Hey there! Scoresheet lists Pat Venditte as a lefthanded pitcher. Therefore, since pitchers have universal platoon splits and splits vary by batter, he'd be treated as a standard lefty reliever in this universe.

One could argue, perhaps, that this is entirely backwards, and that as sites such as BP have demonstrated, pitchers are far more likely to have unique platoon splits than batters, but my doctors have ruled that I can only have one long-winded rant on the Scoresheet Talk forum per week.

Thanks for asking!
With the ongoing discussion you all have for being in or out of competing in a given year, does it change how you treat the supplemental picks if you know your window is in the future?
Yes, then you pick Greg Bird first :-)
But what if it's NL-only, do you take Lance Lynn or something?
We're definitely all about the Lance Lynn lifestyle!

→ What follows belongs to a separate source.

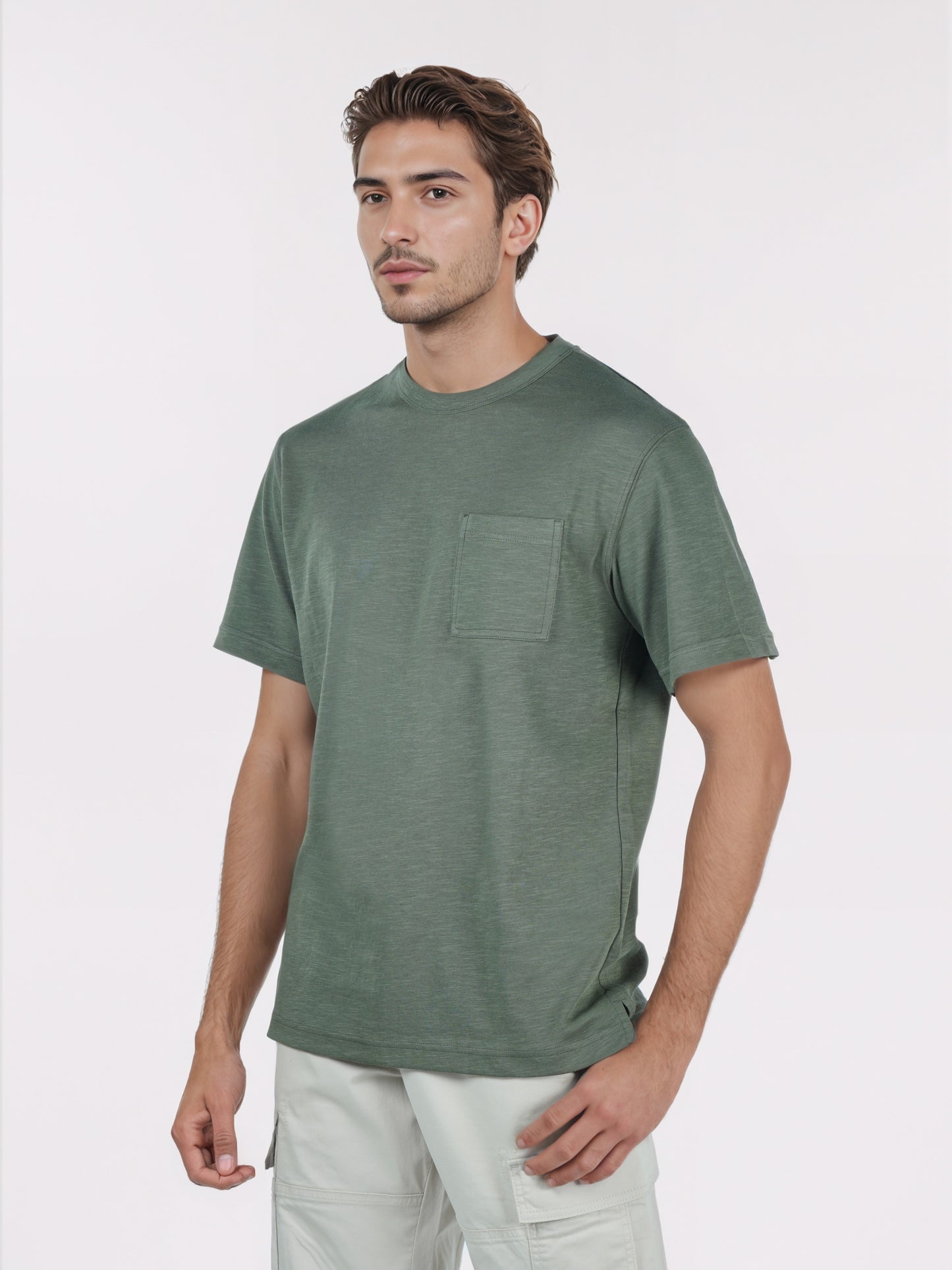 Celio* Men Olive Solid Boxy Fit Cotton-Blend T-Shirts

There are a few options that you can take with your picks. 1) Try to trade them for 2017 value: either prospects if you have room, or late draft picks. Usually that's impossible. 2) Draft a potential future keeper. Hence our Greg Bird fetish, or Lance Lynn, or Brandon McCarthy, or similar. Not every team can do this, but terrible teams sometimes have trouble finding 13 solid keepers, so it's a worthwhile gambit. 3) Draft minor leaguers. Duh. Do so until you are full up on worthwhile keepers. 4) Find the best major league assets you can. This requires drafting like a competitive team would, either taking relievers or looking for players who can provide valuable at bats at hard-to-fill positions, specifically shortstop and catcher. If teams run into trouble, you can then ransom them off midseason for future picks.
I'm starting to think the last option might be best because, despite my preseason intentions, I have something like nine or ten top-50 prospects already and my team's been hit pretty hard by injury (Schwarber, Heaney, Romo, etc). I'm invested in fair play, after all, so even though call-ups are bound to happen at some point, too many appearances by AAA-whomever could throw off competitive balance if I leave it be for another month.
With the number of Catchers down (or out) and the ongoing difficulty in filling the catching position, seems that you could have done the whole show on potential catching PAs. Even a .550 OPS bad catcher will add a run every 10 games or so over AAA by my noodling-math. Adding a bad C to replace Brayan Pena will likely help more than a short-side bat, as boring as it is. (Says the grumpy guy with that solid Chirinos-Swihard tandem.)
Ian, if you're ever in Denver, dinner's on me. deGrom has been an important part of my rotation in NL All Stars since I drafted him.
Would Salty's hot streak put him on the AL list if you were
drafting this week? His ownership must be below 50%.